Tuesday, April 29, 2008

Not Using Source Code Control is Insane!

"Like skydiving without checking your parachute or having sex with a stranger without using a condom." -- me, earlier today
I've worked for a few places that didn't use source code control properly or even at all before I started. But today, I met a new PHP programmer who didn't know what I was talking about when I mentioned source code control. He recently migrated over from writing and graphic design and has no background in computer science or software engineering so it isn't his fault really. The fault lies with those that brought him into the fold.

As far as I can tell, I'm somewhat strange - I'm passionate about source code control (now noted as SCC) and have tried a few new ones just to see if I like them. Process is important and while I don't believe in crazy ISO-9000 level of process (then most of your work is to maintain the process rather than produce value) but you need some or there is only chaos. Go check out "The Joel Test", I'll wait.

I don't necessarily believe that all of them are necessary or sufficient. But what is #1? That's right SCC. SCC is so important, many word processors (like word) embed version tracking into the software.

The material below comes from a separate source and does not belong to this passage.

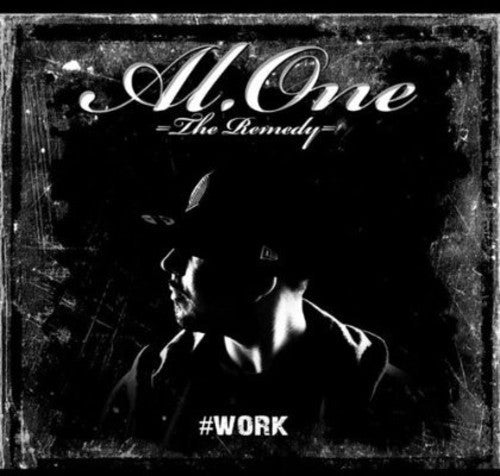 Al-One - #Work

Why do people insist on using nothing or tarballs/zipfiles to ensure the safety of business/personally critical data? One place I worked used zip files but also required you comment out changed code with a reason plus add comments for the new code. This resulted in files where there were pages of code with ocassional live code (it was unreadable). SCC systems do this for you.

What is SCC?

In essence, a SCC tracks changes made to files and directories and allows users to (among other things):
  • Checkout (aka get) the current version or some version from the past of those files/directories.
  • Check-in (aka save) your current changes to the SCC to be saved for posterity.
  • Revert changes you don't like.
  • Find out who made changes and why.
  • Do differences on what exactly has changed either between past versions or with what you have done since the last check-in.
  • Manage multiple people working on the same files and directories.
  • Give the ability to mark and later retrieve files/directories related to some important event like a release.
There are several main paradigms for SCC:
  • Locking vs Merging - Some SCC tools require you to mark a file for editing such that it is locked and no other user can commit changes until you release the lock. Other SCC tools don't require locking but will require (or do it for you if simple) merging if there are conflicts. I have found the locking model interrupts my workflow because I may not know all the files I'll change ahead of time, stopping to lock a file gets in the way, and someone might lock the file I'll need and then need a file I have locked (classic deadlock problems). Merging might sometimes be a pain, but it is better than the alternative.
  • Client/Server vs Peer to Peer - Most SCC has a server that holds the "one true version" and all clients must submit to that server. A few systems use a peer-to-peer structure where the only "one true version" is decided by social convention not technology.
For more information check out:

SCC and the Individual Developer

Even if you work by yourself for work or fun you should use SCC. The few times I haven't, I often regretted it. The first reason is that this helps develop good habits. Secondly, this makes it so much easier to undo mistakes should they happen.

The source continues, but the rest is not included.